Herb Eysser was shocked with what he discovered recently in his Fieldston Road neighborhood.
A car was parked where the driver left it. Well, most of it. Two of its doors were missing.
“You don’t see that every day,” Eysser, a long-time North Riverdale resident, said. “Somebody taking the doors off a car? It’s bad enough if they take off the wheels.”
But crimes like this aren’t exactly new in the neighborhood.
“We’re having more and more problems and seeing less and less police,” Eysser said. “This neighborhood is not getting any better.”
Both Eysser and Pamela Danzig, another resident who’s lived in this part of the Bronx her entire life, said people frequently and brazenly park their cars in front of fire hydrants on their street.
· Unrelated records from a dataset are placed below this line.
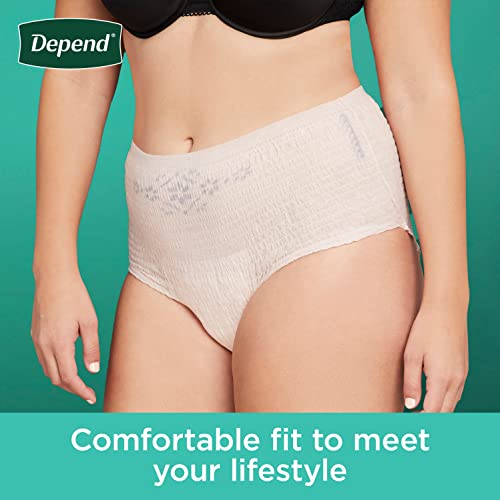 Depend Fresh Protection Adult Incontinence Underwear for Women Depend buy supplements canada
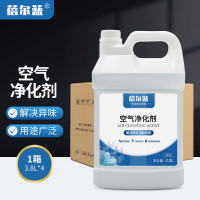 蓓尔蓝 B015 空气净化剂 3.8L*4桶 白色*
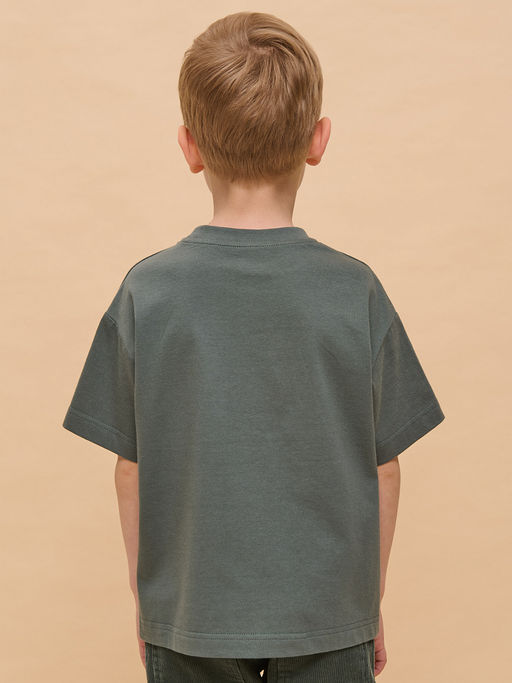 BFT3362/2 Футболка для мальчиков - Pelican фото 5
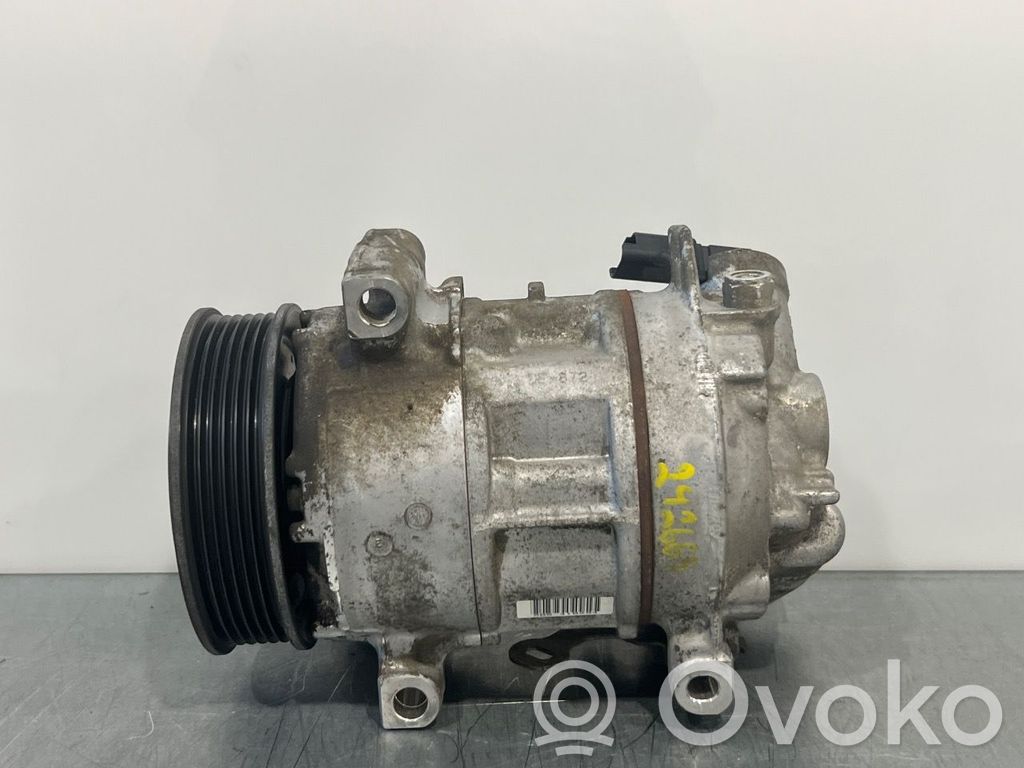 Citroen C4 Cactus Compressore aria condizionata (A/C) (pompa)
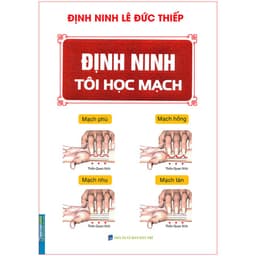 Thumbnail Sách - Định Ninh Tôi Học Mạch (bìa mềm) 1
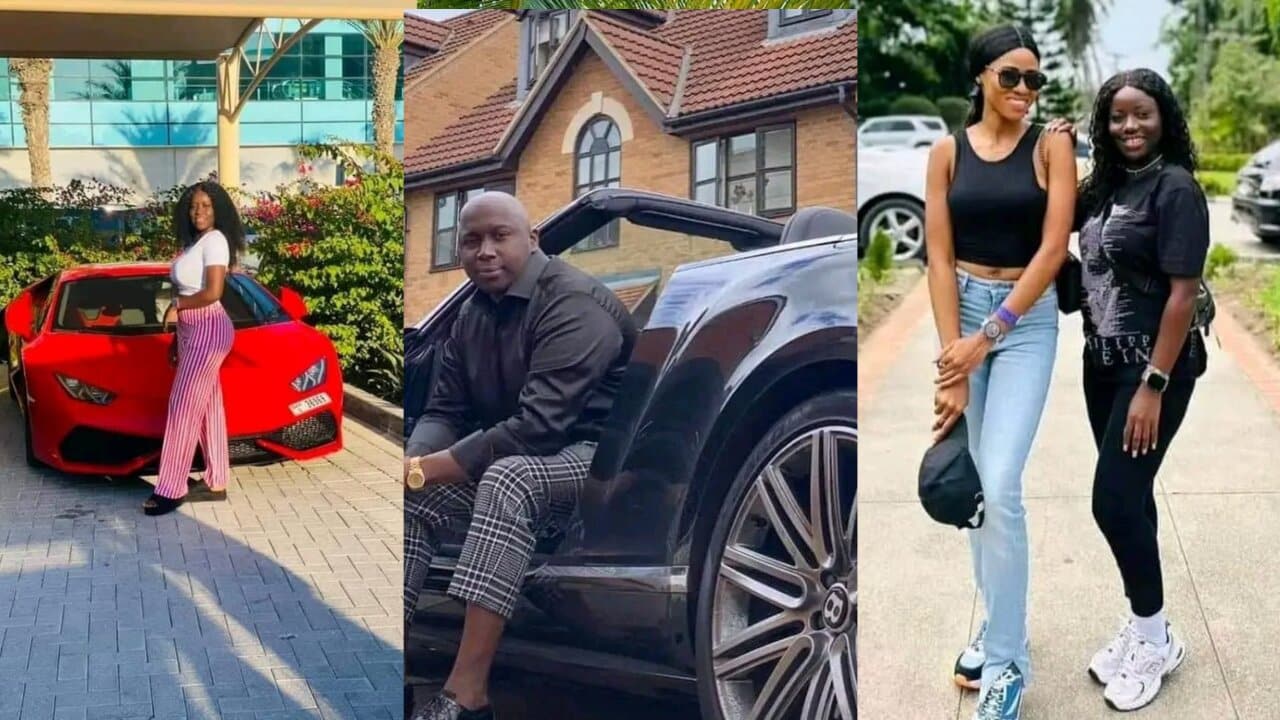 Clear pictures of the Nigerian rich man who kidnapped and murdered Afiba Tandoh and her friend pop up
“I call it in at least once a week, but never see anybody getting a ticket up here,” Danzig said.
Neither Eysser nor Danzig knew exactly when the doors disappeared, but Danzig said it likely happened before Nov. 18. Eysser recalled the car was a late-model Nissan Altima.
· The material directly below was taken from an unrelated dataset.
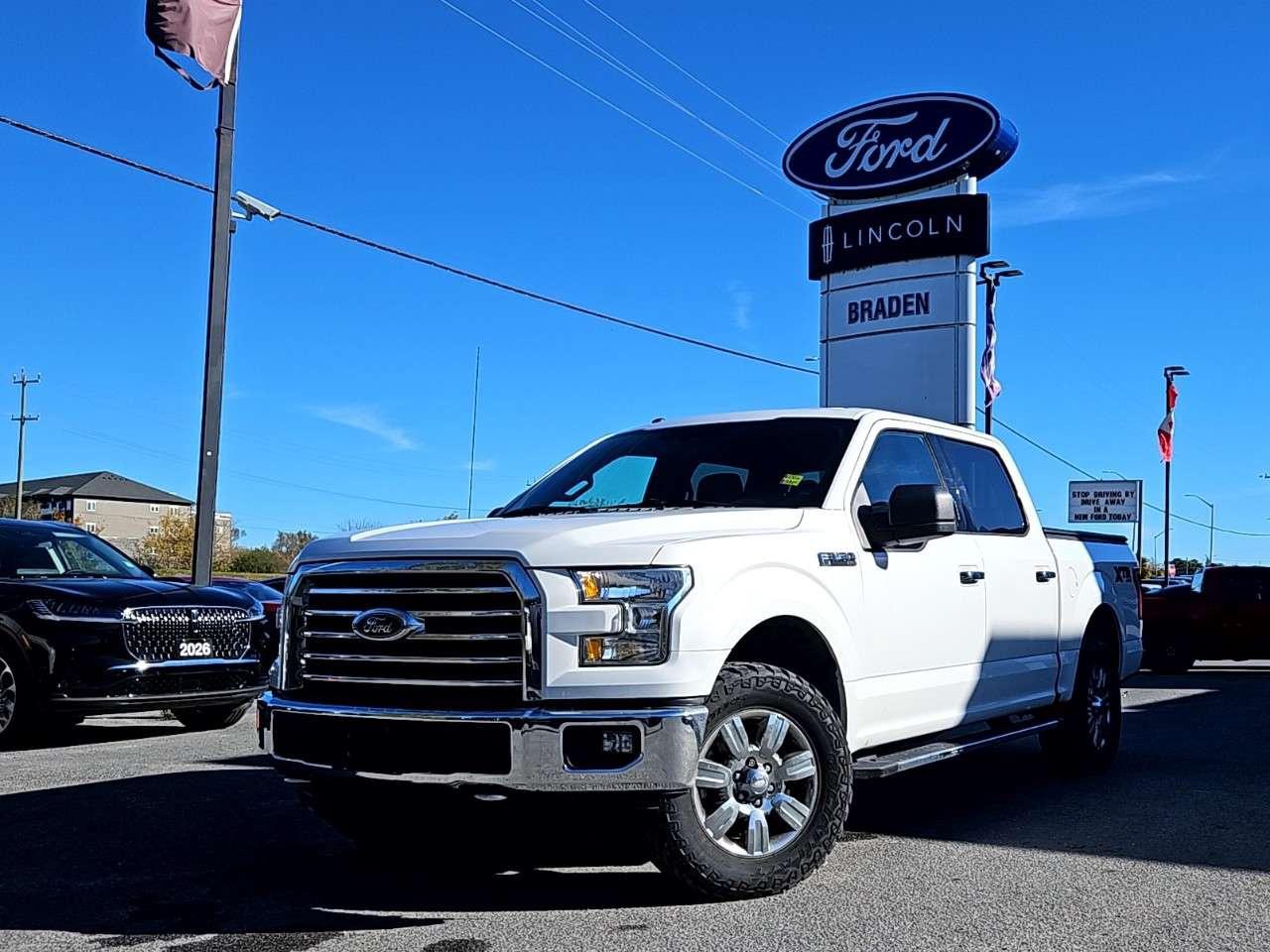 2016 Ford F-150 CREW CAB   XTR   TOW PKG   4X4 Photo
Danzig remembered a neighbor who, last August, got into her rental car and started driving without realizing her wheels were loose. Luckily, some fellow motorists on the highway brought it to her attention before it became a problem.
“I guess someone tried to steal the tires because they were brand new,” Danzig said.
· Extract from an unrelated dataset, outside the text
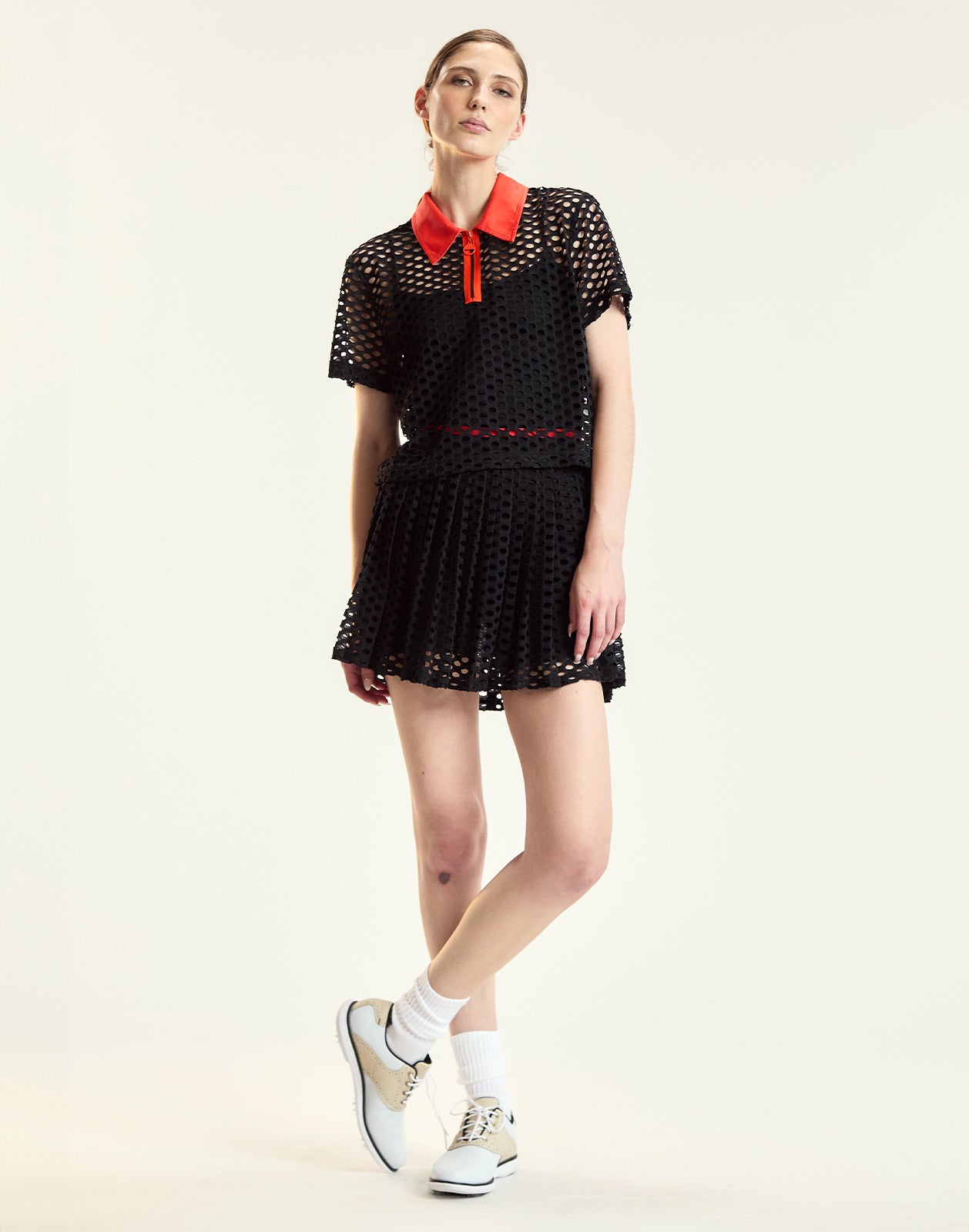 CR x Fore All Meadow Mesh Skirt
Yet, even with these problem, it’s still rare to see a police presence in the neighborhood.
The only time Danzig really saw one, she said, was when she got a double-parking ticket — while standing next to her car.
This isn’t the first time rims and tires have been stolen in this part of the borough, the 50th Precinct’s Juan Ventura said. Doors, well that’s not so common.
Although he wasn’t talking about this particular case specifically, one auto shop owner said when doors go missing, the first suspect is likely quite close to home — the car’s owner.
“The guy takes off the doors, hides them, makes a claim with his insurance company, gets an estimate, they’ll write you a check, and you put the doors back on,” said Steve Tierney, owner of Karl’s Auto Body Repair in Kingsbridge. “It’s not difficult at all.”
These days, Tierney doesn’t hear about door theft cases often. But 25 to 30 years ago, it was more common.
Lately, the car part of choice for thieves has been rims and tires, Tierney said, particularly with older model Hondas with brand new wheels. That’s because people can steal new wheels from newer Hondas and fit them to the older ones. In the Northwest Bronx, the shop owner added, big rims are especially popular.
Just last week, Tierney picked up a Honda Accord on West 246th Street and Fieldston Road after its wheels were stolen.
Gus Papavasilakis, who along with his brother Angelo runs Dale-Way Auto Body Center in Kingsbridge, said most newer model cars have chip keys, so a thief can’t just cut the wires and start the car like in the movies. Trying to tow a vehicle away not only is a big risk, it’s not exactly stealthy.
Even if the ignition lock were broken, the car wouldn’t start without recognizing the key chip.
Whoever stole the doors of the car near 5400 Fieldston Road probably just needed the doors, Papavasilakis said. It could’ve been someone who worked at an auto body shop who needed a particular color door.
“This way they don’t have to paint them,” Papavasilakis said.
Also, some doors are made up of several pricey components — air bags, the master switch on the driver’s door that controls all the windows and door locks, the interior trim panel, the upholstery — all items that can run anywhere from several hundred dollars on the low end to more than $1,000 per door.
“Usually cars — especially Toyotas, Hondas and Nissans — are very limited in their color selection, and the interior color is usually just a handful of choices,” Papavasilakis said. “So if somebody was looking for that specific color, interior and exterior, that was a big savings for them.”
This was a much more common practice in the 1990s, Papavasilakis said, at least in the Northwest Bronx, although not so long ago, he encountered what appeared to be a door theft on a Honda Civic, right across the street from P.S. 24 Spuyten Duyvil.
“Someone called us up and we got the car, replaced the doors and the interior trim,” Papavasilakis said. “It was very costly — at least $5,000 or $6,000 worth of damage.”
As far as removing the door, Papavasilakis said it’s a swift process. The first step is opening it, which can be done with a slim jim-style lockout tool, or by breaking the window. Once unlocked, the door’s hinge bolts must be undone. The check strap —which stops the door from opening too far — is disconnected by popping out a pin. Then the wires are cut.
“So in a matter of 10 minutes you can have a door off the car,” Papavasilakis said.
With power tools, it’s even faster.
More common these days, Papavasilakis said, at least based on what he’s heard from other mechanics, are thieves who target catalytic converters, which are typically found under the car, behind one of the front tires, and tend to cost a couple thousand dollars to replace.
Even after a string of recent incidents right in his backyard, Eysser said there’s room for optimism.
“Last night I took the dog out for a walk and there was a police car parked in front of my apartment house,” he said. “So we already got some kind of attention from the precinct.”